Русский танцовщик обладал еще одним даром: музыкальностью. Его тело становилось продолжением музыки (немногие артисты балета обладают таким даром), но при этом Нуреев интерпретировал музыку в столь своеобразной манере, что некоторые говорили, будто он… антимузыкален.


Очень скоро Нуреева стали называть «величайшим танцовщиком в мире». Однако с точки зрения его технических возможностей это было далеко от истины. Некоторые танцовщики его поколения обладали лучшей техникой, чем он. Например, Юрий Соловьев из Кировского, Владимир Васильев из Большого, парижанин Серж Головин, русский по происхождению, француз Жан Бабиле, датчанин Эрик Брюн… Из представителей более молодого поколения отмечу Михаила Барышникова. Следует, однако, учесть, что Нуреев начал танцевать позже, чем они, и всегда страдал из-за серьезных технических и физических недостатков: у него были короткая шея, короткие ноги, короткие руки и короткое туловище. Но свои недостатки Нуреев со временем превратил в достоинства. Гениальность артиста в том и состоит, чтобы уметь преподнести свои недостатки, и Нуреев это делал с блеском.


Но, конечно, главный его козырь — магнетическая харизма, и на сцене, и в жизни. Тут у него не было соперников. Когда другие танцевали телом, Нуреев танцевал нутром, и это меняло все. «Каждое па должно нести метку крови моего героя», — повторял он часто.

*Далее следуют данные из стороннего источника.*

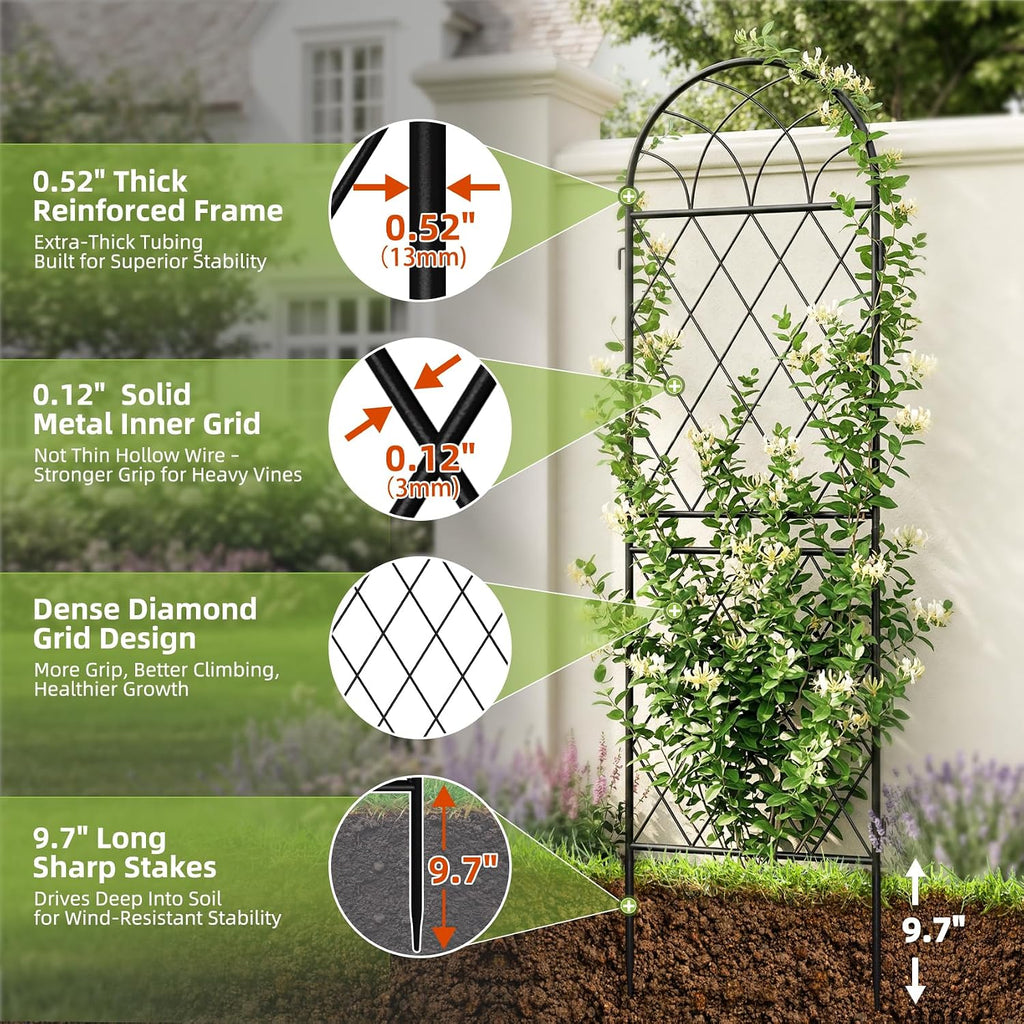 2‑Pack Black Heavy‑Duty Arched Garden Trellis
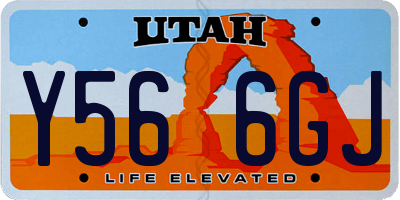 UT license plate Y566GJ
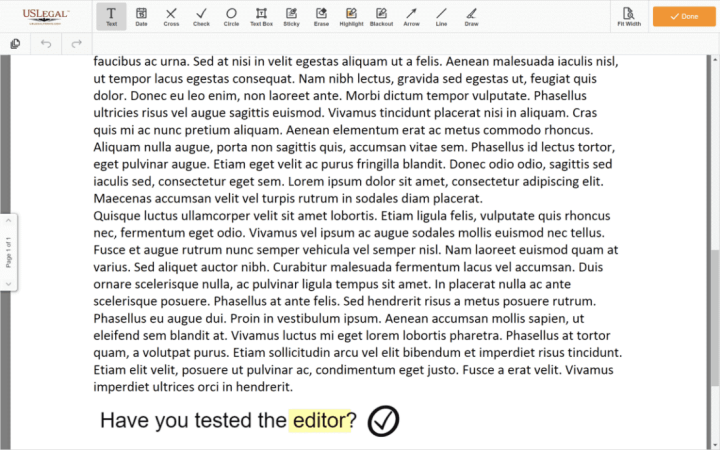 US Legal Forms Text Editor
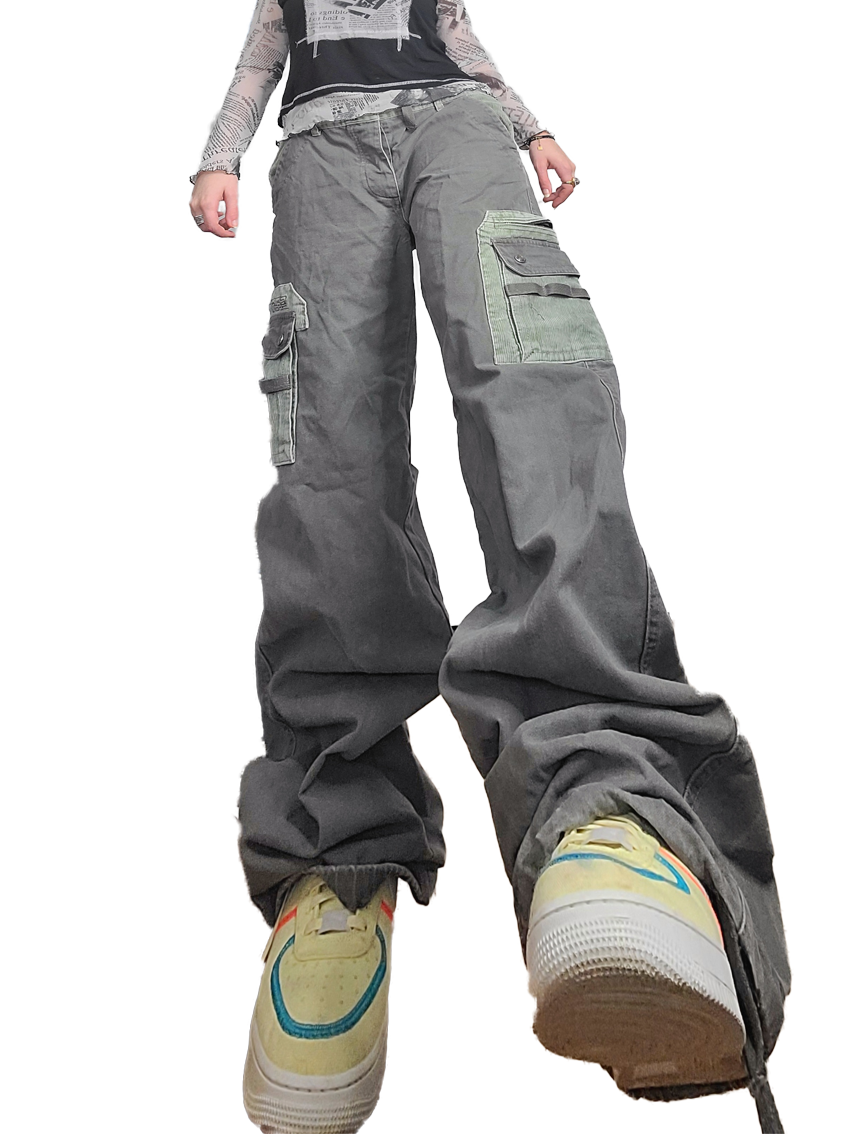 Baggy cargo kaki multipoches - zimfriperie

Нуреев не просто танцевал, он был одержим танцем. Надо было видеть его на сцене, чтобы влюбиться окончательно и бесповоротно. Он прыгал невероятно высоко, он вращался на огромной скорости, он выполнял лишние пируэты, которых не должно было быть, но при этом заканчивал свою партию с точностью до секунды, и его ноги безупречно вставали в пятую позицию, позицию победителя!

И если бы это были только лишние пируэты… Учитывая, что в классическом балете все символично, он часто вел сольную партию по собственной оригинальной выдумке, вот почему публика ходила на Нуреева — увидеть рождение шедевра, который на следующем спектакле может обрести совершенно иные черты{142}.

Притягательная экспрессивность Нуреева заразит и его партнеров. Марго Фонтейн рассказывала, что она видела из кулис Метрополитен-опера в Нью-Йорке в 1965 году, как раз перед выходом на сцену, чтобы присоединиться к Нурееву в па-де-де в «Корсаре»: «Самое первое па его вариации невозможно описать. Казалось, будто он прохаживается по невидимому ковру-самолету. В это невозможно поверить! Очевидно, знаменитые прыжки Нижинского, как о них рассказывают, производили такое же впечатление. Но я уверена, что никто и никогда не танцевал „Корсара“ так, как Рудольф, а потому в этом случае я позволю себе употребить слово „божественно “»{143}.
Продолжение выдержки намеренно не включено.